## TASK OBJECTIVE
Repeat the listing word for word, but skip any pictures.

## RAW DATA
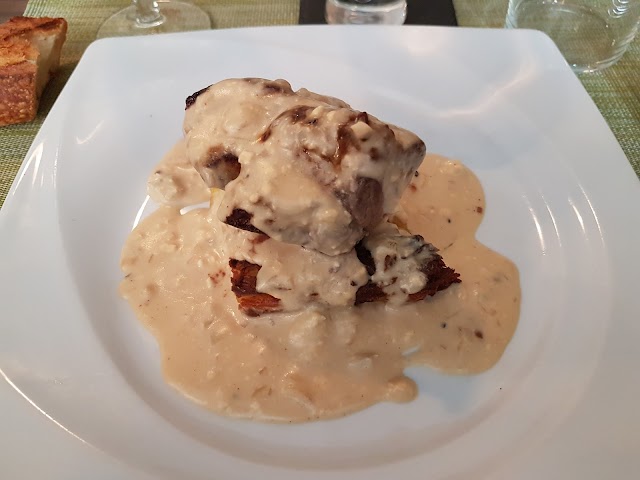 Le Chef et sa Femme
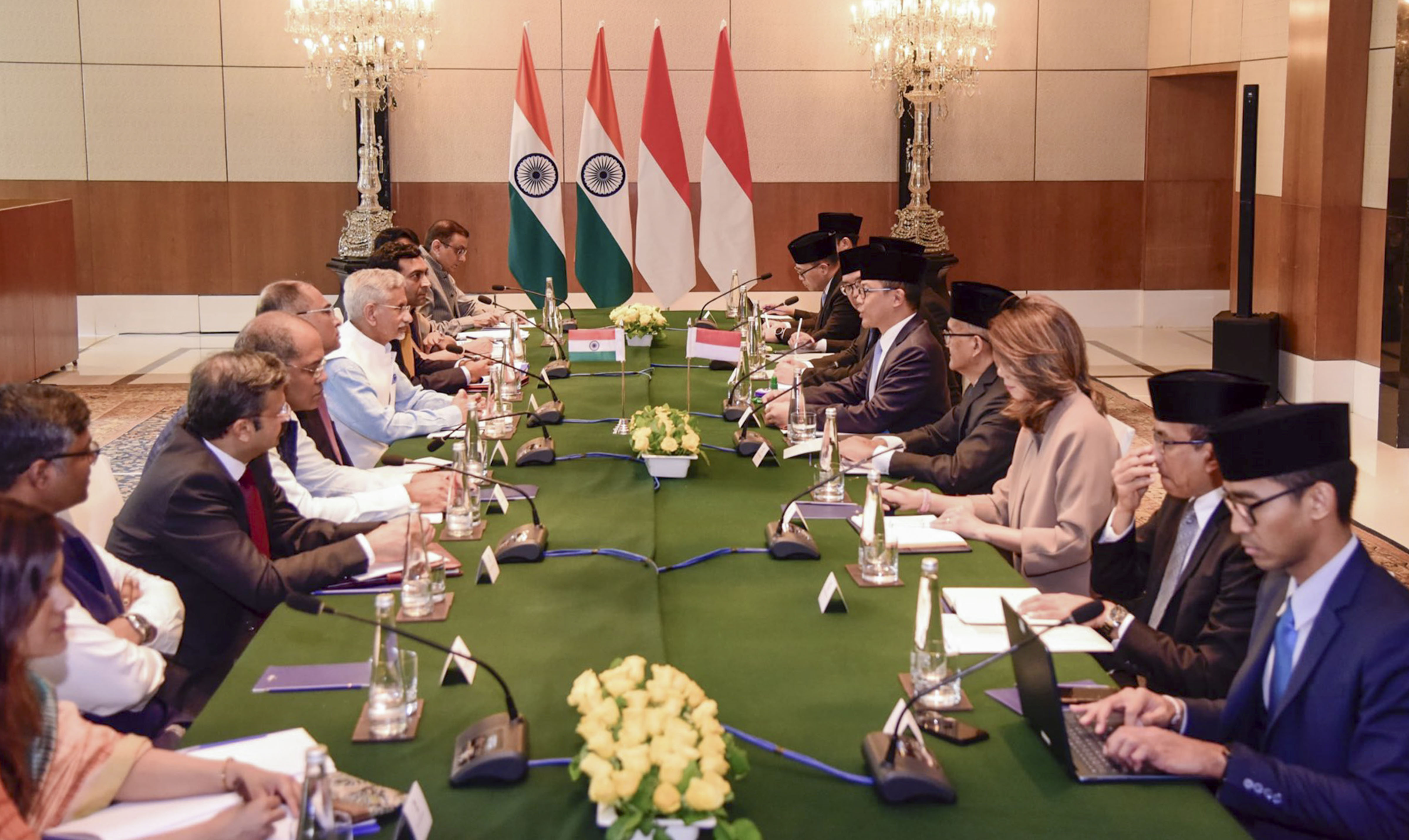 EAM Jaishankar Outlines Blueprint For Deeper India-Indonesia Cooperation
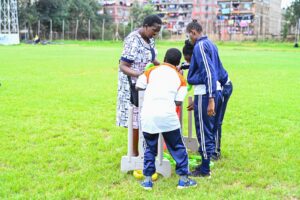 Gertrude's Hospital Foundation and Sanlam Allianz Sports Day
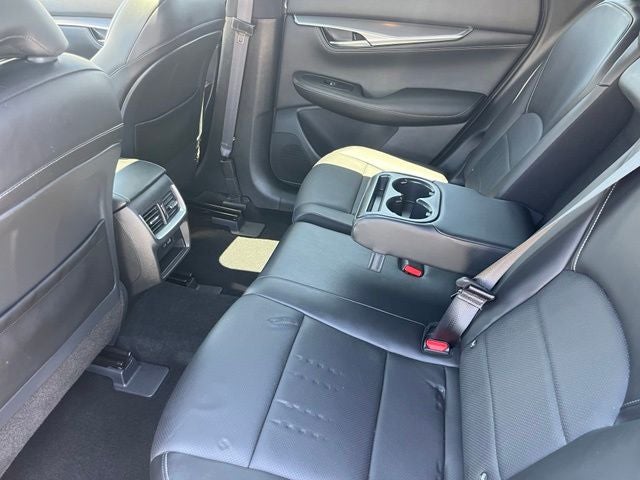 2024 INFINITI QX55 LUXE AWD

## REPLY
 Le Chef et sa Femme
 EAM Jaishankar Outlines Blueprint For Deeper India-Indonesia Cooperation
 Gertrude's Hospital Foundation and Sanlam Allianz Sports Day
 2024 INFINITI QX55 LUXE AWD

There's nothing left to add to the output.